Metadata-Version: 2.4
Name: cartulary
Version: 0.2.0
Summary: Foreign keys for your Markdown docs: cross-document referential integrity, not just schema validation.
Author: Jason Horne
License: MIT
Keywords: markdown,schema,validation,frontmatter,referential-integrity,cross-references,linter,yaml,documentation
Classifier: Development Status :: 4 - Beta
Classifier: Intended Audience :: Developers
Classifier: License :: OSI Approved :: MIT License
Classifier: Programming Language :: Python :: 3
Classifier: Topic :: Text Processing :: Markup :: Markdown
Classifier: Topic :: Software Development :: Quality Assurance
Requires-Python: >=3.10
Description-Content-Type: text/markdown
License-File: LICENSE
Requires-Dist: marko>=2.2
Requires-Dist: PyYAML>=6.0
Provides-Extra: dev
Requires-Dist: pytest>=8; extra == "dev"
Dynamic: license-file

# cartulary

**Foreign keys for your Markdown docs: cross-document referential integrity, not just schema validation.**

`cartulary` validates a folder of Markdown files against a declarative YAML
schema. Plenty of tools check one file's frontmatter or heading structure;
cartulary's job is the part they don't: **referential integrity across the
whole set.** Declare a primary key, point `ref:` fields at it, and cartulary
resolves every cross-document reference, verifies the reciprocal link exists on
the other side, and flags dangling, malformed, and duplicate ids — across
*different document types* sharing one key namespace.

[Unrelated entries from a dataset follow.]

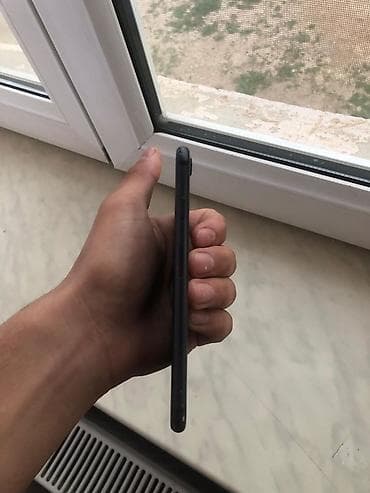 iphone 7 qara: IPhone 7, Qara — 6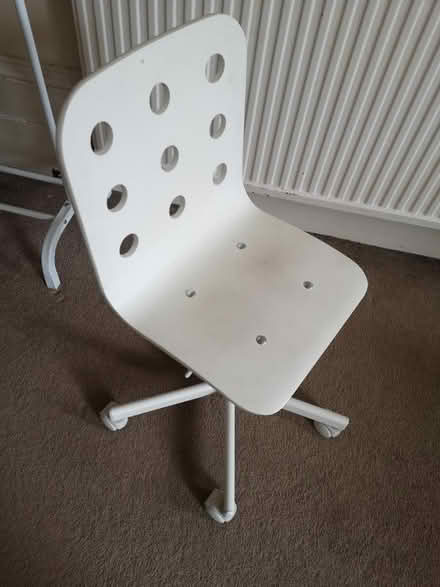 Photo of free kids office chair (N5) #2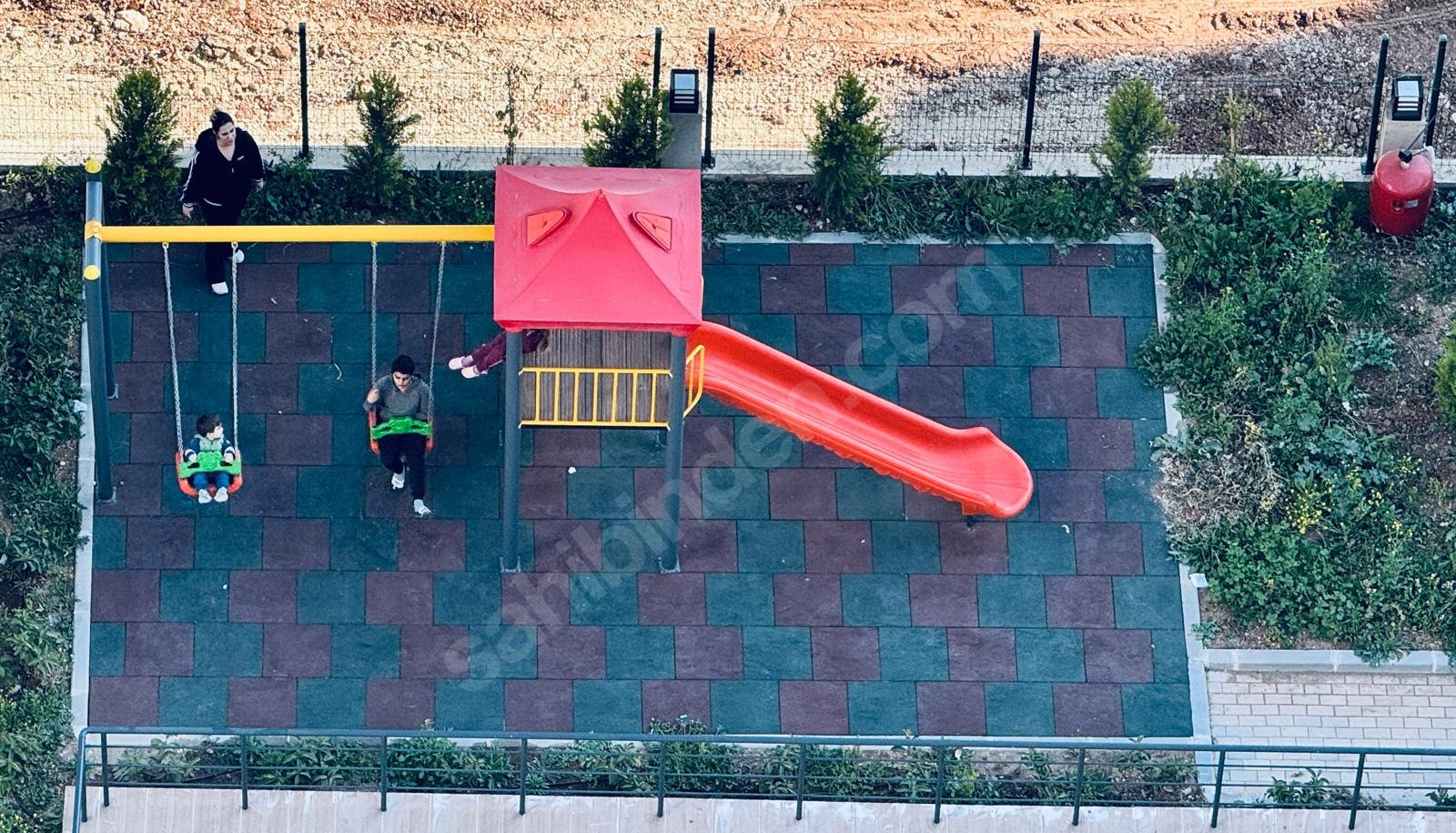 Mersin Mezitli Akdeniz Mahallesi 2+1 99 m² Doğalgaz Kombili Satılık Daire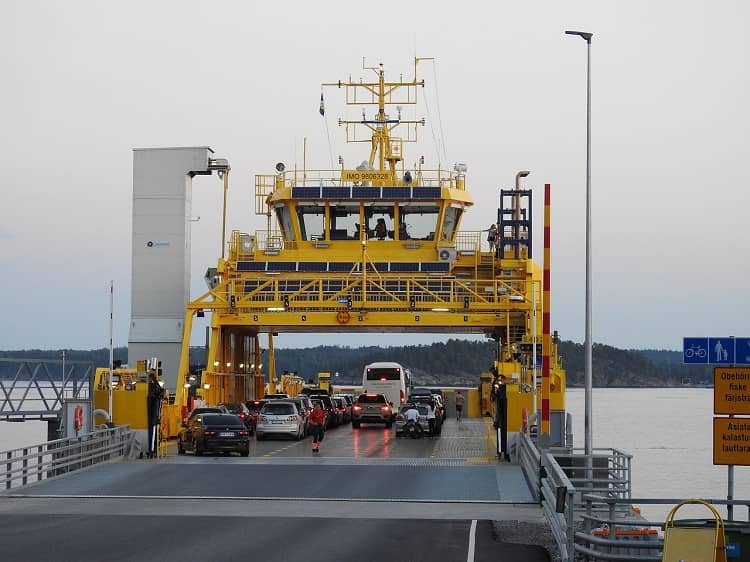 todo sobre transporte de vehiculos en ferry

Think of it as *JSON Schema for an interlinked corpus of Markdown* — or, more
plainly, **foreign keys for your docs.**

> A *cartulary* is a medieval register that bound scattered charters into one
> cross-referenced, authoritative collection. This does the same for a folder
> of Markdown.

---

## Who it's for

- **Docs-as-code / knowledge bases** kept as plain Markdown in a repo, where
  pages reference each other (specs → ADRs, services → owners, terms → glossary)
  and you want CI to catch a broken or one-sided link.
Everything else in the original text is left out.